Considerado durante años una fruta que debía evitarse en horarios nocturnos por su aporte calórico y su dulzor, el plátano está siendo reevaluado por la comunidad científica.
Investigaciones recientes, entre ellas un estudio de la Universidad de Extremadura, España, subrayan sus beneficios como parte de una cena equilibrada, especialmente en lo que respecta al descanso, el sistema nervioso y la salud digestiva.
En una sociedad que lidia con altos niveles de estrés, trastornos del sueño y hábitos alimentarios desordenados, la incorporación estratégica de ciertos alimentos puede tener un impacto considerable en la calidad de vida.
La banana (o plátano), una fruta modesta y accesible, se revela como un posible aliado nocturno, según muestran datos emergentes de la ciencia nutricional.
Un aminoácido clave para el sueño y el bienestar emocional
El principal argumento científico detrás de esta recomendación está en la presencia de triptófano.
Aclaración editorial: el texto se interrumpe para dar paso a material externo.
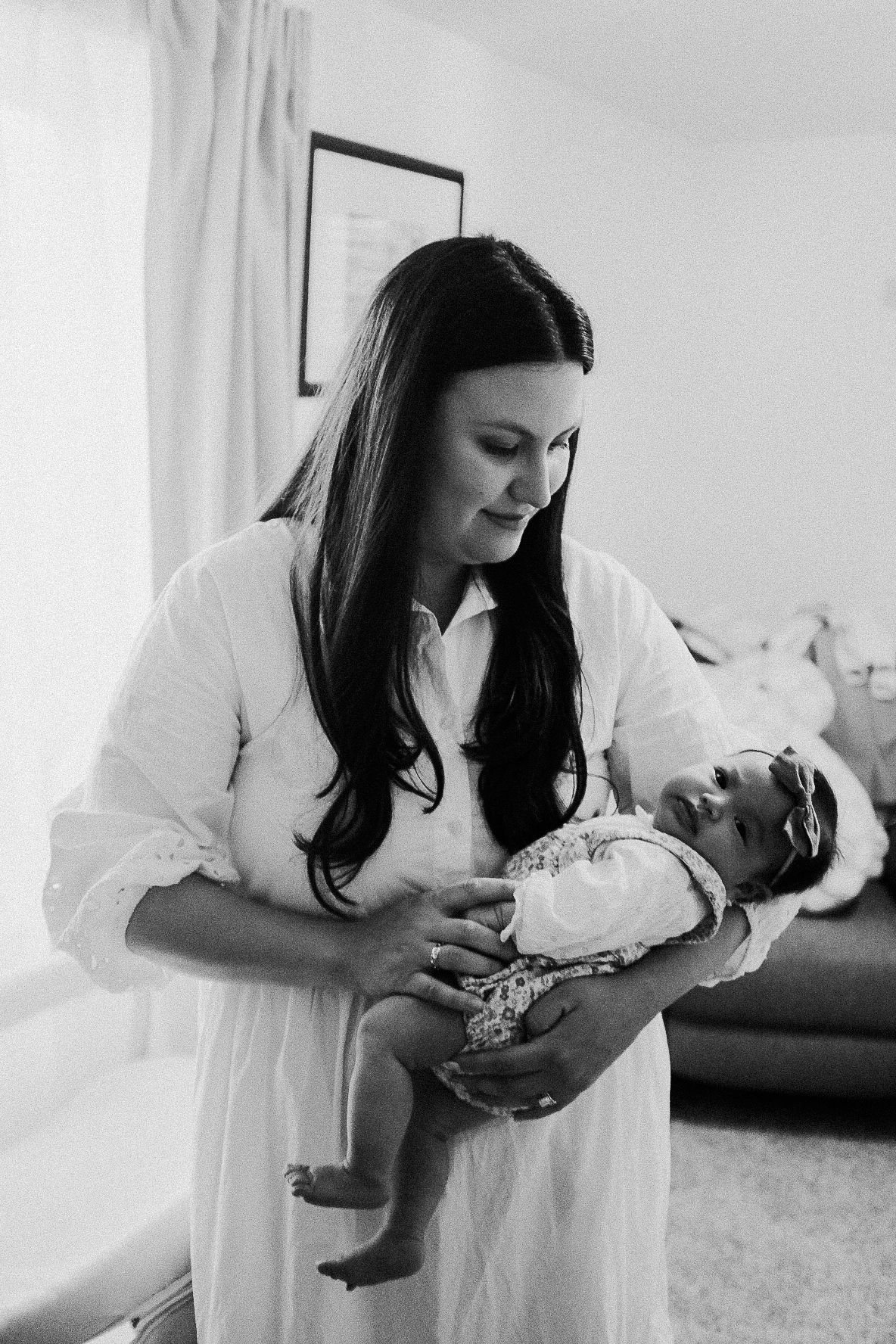 Intimate black and white photo of a tender moment between parent and newborn.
Este aminoácido esencial es necesario para que el cuerpo produzca dos neurotransmisores fundamentales: la melatonina, que regula los ciclos de sueño, y la serotonina, que modula el estado de ánimo y las emociones.

El estudio Anotaciones básicas sobre el aminoácido triptófano, elaborado por expertos de la Universidad de Extremadura, destaca que este compuesto, cuando se incorpora de manera puntual o constante, “posee efectos hipnóticos leves”, especialmente si se ingiere durante las horas previas al descanso.
Lejos de las soluciones farmacológicas, el triptófano se presenta como una alternativa bioquímica natural con respaldo académico.
La farmacéutica Belén Acero, especialista en nutrición y directora de Farmacia Avenida América, complementa estos hallazgos señalando que el triptófano también mejora la concentración, reduce la fatiga mental y contribuye a una mejor gestión del estrés cotidiano.
Una ayuda contra el insomnio moderno
Las propiedades relajantes del plátano no se deben exclusivamente al triptófano. Esta fruta contiene también una proporción destacable de magnesio, un mineral que favorece la relajación muscular y la estabilización del sistema nervioso central.
Juntos, triptófano y magnesio conforman un binomio funcional que puede ser de gran ayuda para quienes sufren de insomnio leve o de una mente hiperactiva al final del día.

Este efecto calmante es particularmente relevante en personas con ritmos circadianos alterados: quienes trabajan por turnos, viajan frecuentemente entre husos horarios o padecen de estrés crónico. En estos casos, el plátano puede contribuir a reducir el “ruido mental” y facilitar una transición más amable hacia el sueño.
Mucho más que una fruta dulce: perfil nutricional completo
Más allá de su impacto sobre el sueño, el plátano es un alimento de alta densidad nutricional. Su composición lo convierte en un ingrediente adecuado para el final del día, siempre que se consuma en el contexto de una dieta equilibrada. Entre sus componentes destacan:
- Potasio: esencial para la contracción muscular, la salud cardiovascular y el equilibrio de los líquidos corporales.
- Magnesio: reduce el cansancio físico, favorece el descanso y actúa como neuromodulador natural.
- Fibra dietética: ayuda a regular el tránsito intestinal, previene el estreñimiento y mejora la microbiota intestinal.
- Vitaminas del grupo B (especialmente B6) y vitamina C: fortalecen el sistema inmunológico, participan en la síntesis de neurotransmisores y contribuyen a la estabilidad emocional.
- Alto poder saciante: su textura y su contenido en fibra generan una sensación de plenitud que puede evitar los antojos nocturnos o el picoteo innecesario.

Formas sencillas y sabrosas de integrarlo en la dieta nocturna
Existen múltiples maneras de incorporar el plátano en la alimentación después de cenar, más allá de comerlo solo. Algunas recomendaciones incluyen:
- Como postre natural, sin añadir azúcar.
- Troceado con yogur natural y canela, una combinación que potencia su sabor y añade probióticos.
- En batidos digestivos, licuado con bebida vegetal, avena o frutos secos.
- Salteado con aceite de coco para una versión más elaborada que conserva su dulzor.

En un mundo donde las soluciones al estrés, al insomnio y al desequilibrio digestivo suelen pasar por medicamentos o suplementos costosos, el plátano ofrece una alternativa natural, asequible y científicamente respaldada.
No se trata de un “superalimento” milagroso, como advierten los especialistas, sino de un ingrediente funcional que, dentro de una dieta variada y hábitos saludables, puede tener un impacto real en la salud general.
La ciencia comienza a mirar con otros ojos esta fruta cotidiana, que ya era valorada por generaciones anteriores. Tal vez nuestras abuelas tenían razón.